## [GOAL OF THE EXERCISE]
Find the line with "BSE DEVIT 543462" in the records below, then please transcribe it and every later line exactly, omitting the pictures and adding nothing.

* * *

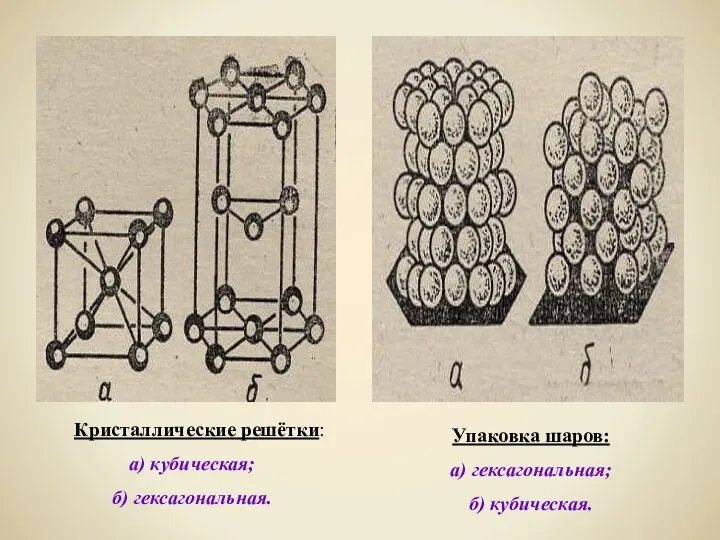 Кристаллические решётки: а) кубическая; б) гексагональная. Упаковка шаров: а) гексагональная; б) кубическая.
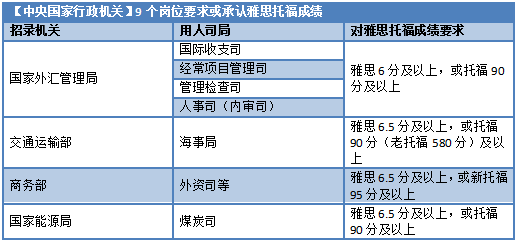 一年制“水硕”回国能不能考公？有何专业限制？哪些专业背景能助一臂之力？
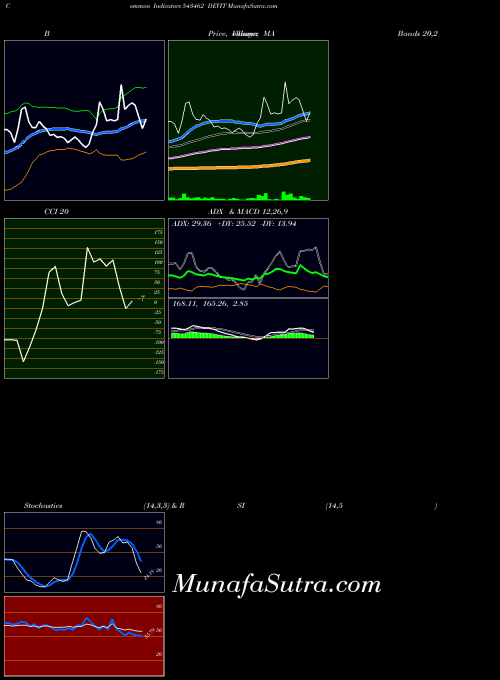 BSE DEVIT 543462 All indicator, DEVIT 543462 indicators All technical analysis, DEVIT 543462 indicators All free charts, DEVIT 543462 indicators All historical values BSE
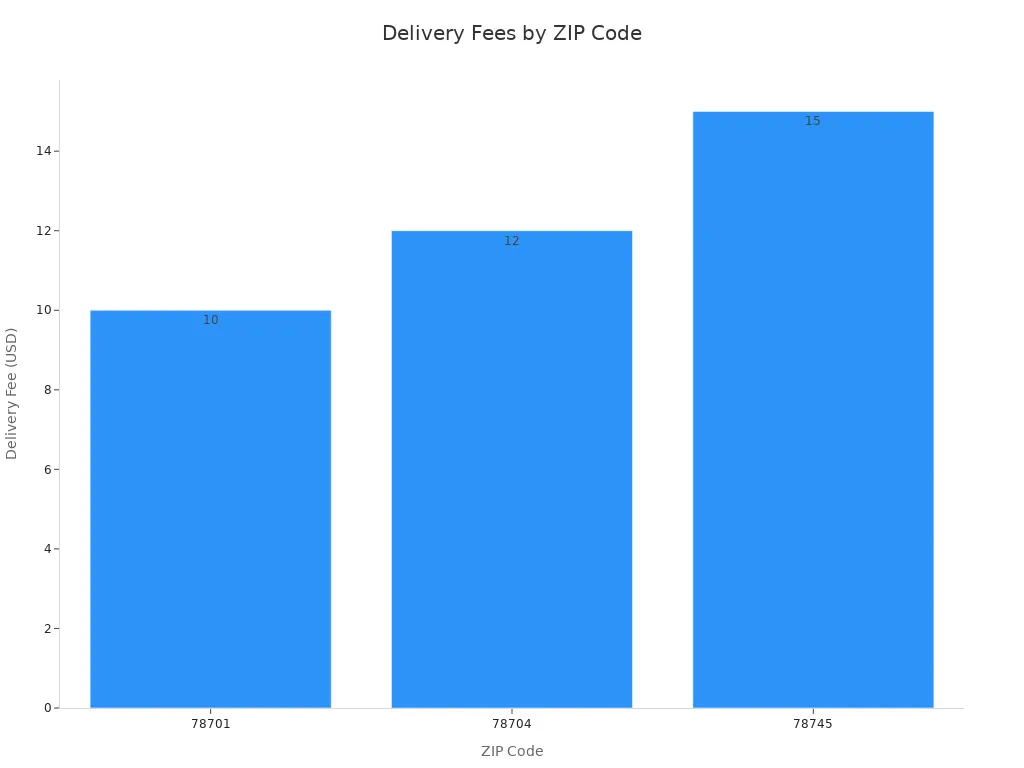 Bar chart showing delivery fees for same-day bouquets by zip code at Nabi Florist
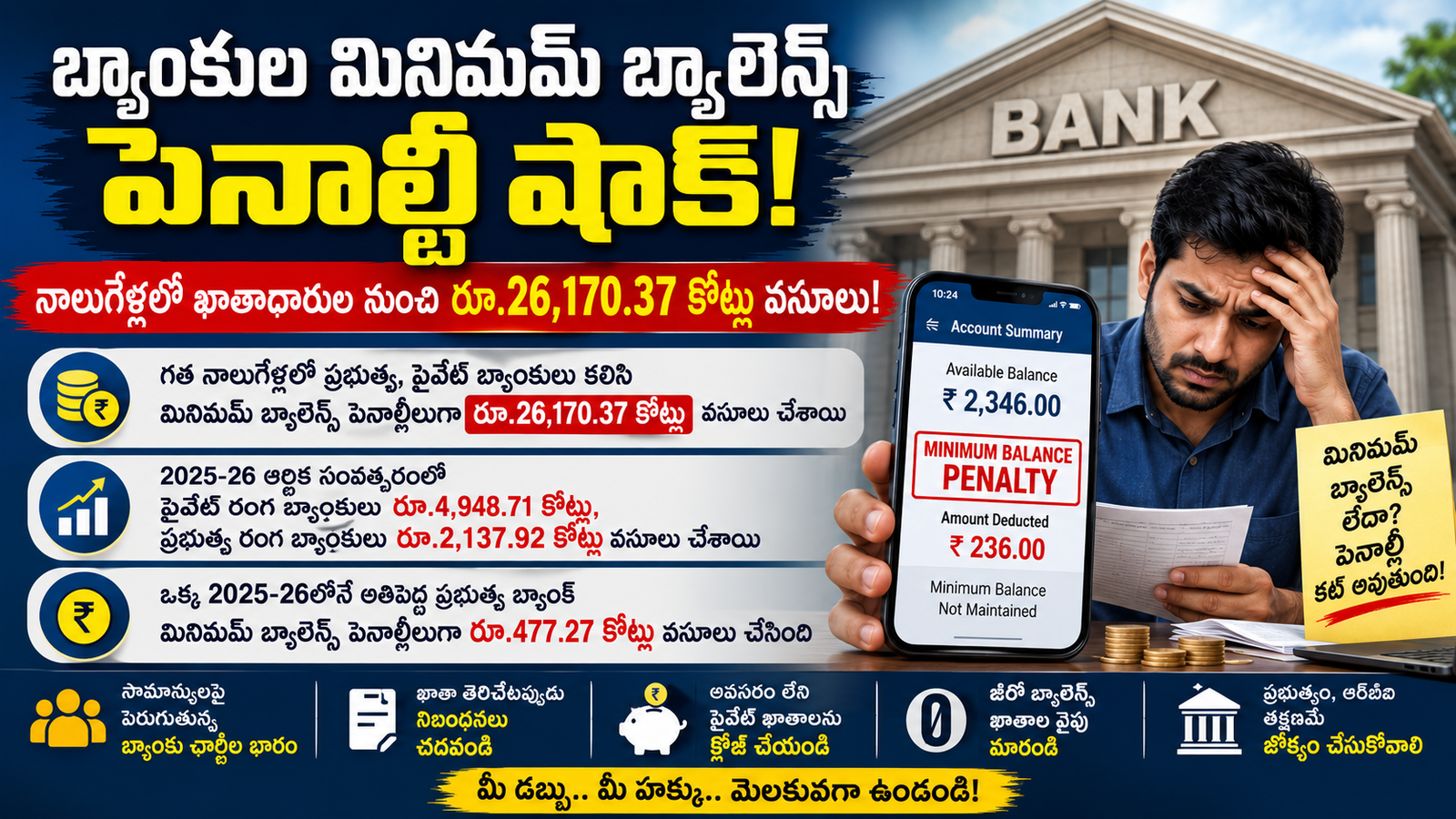 Banks customer checking minimum balance penalty details.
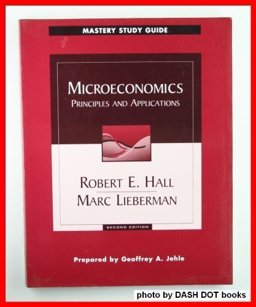 Microecon PrincAppl Mast Sg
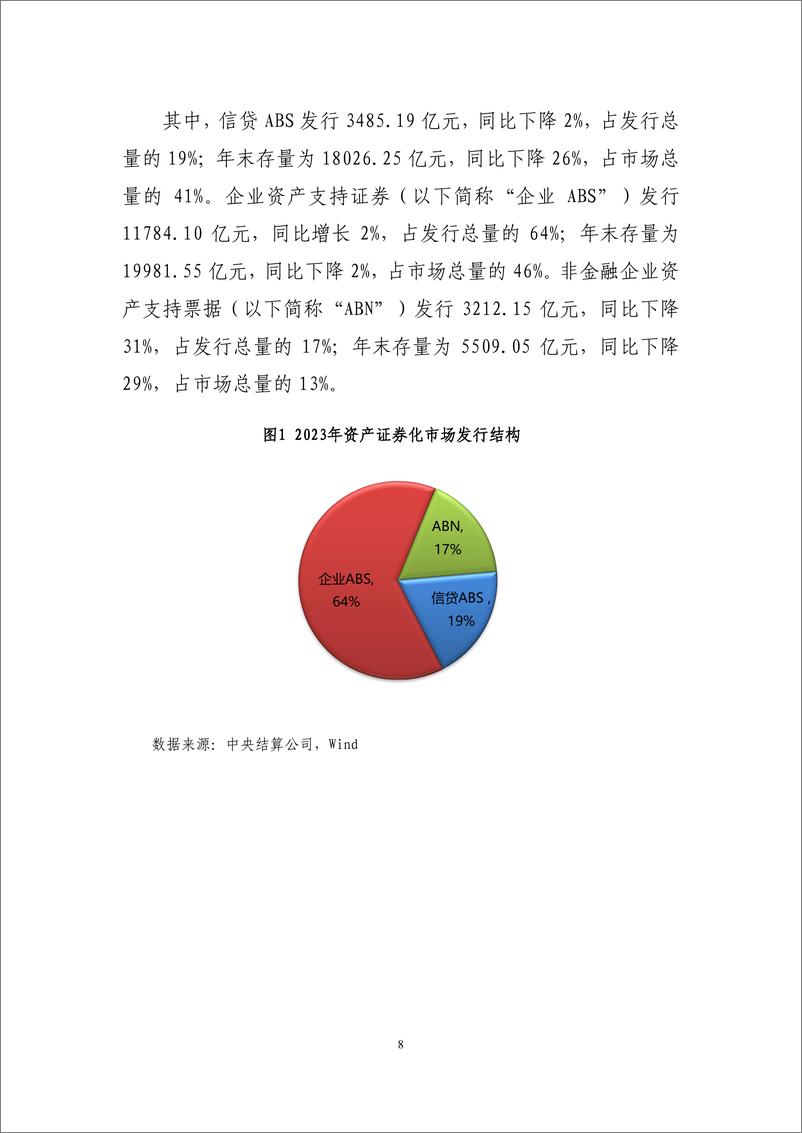 《2023年资产证券化发展报告-中债研发中心-2024.1-27页》 - 第8页预览图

* * *

## [WRITTEN SOLUTION]
 BSE DEVIT 543462 All indicator, DEVIT 543462 indicators All technical analysis, DEVIT 543462 indicators All free charts, DEVIT 543462 indicators All historical values BSE
 Bar chart showing delivery fees for same-day bouquets by zip code at Nabi Florist
 Banks customer checking minimum balance penalty details.
 Microecon PrincAppl Mast Sg
 《2023年资产证券化发展报告-中债研发中心-2024.1-27页》 - 第8页预览图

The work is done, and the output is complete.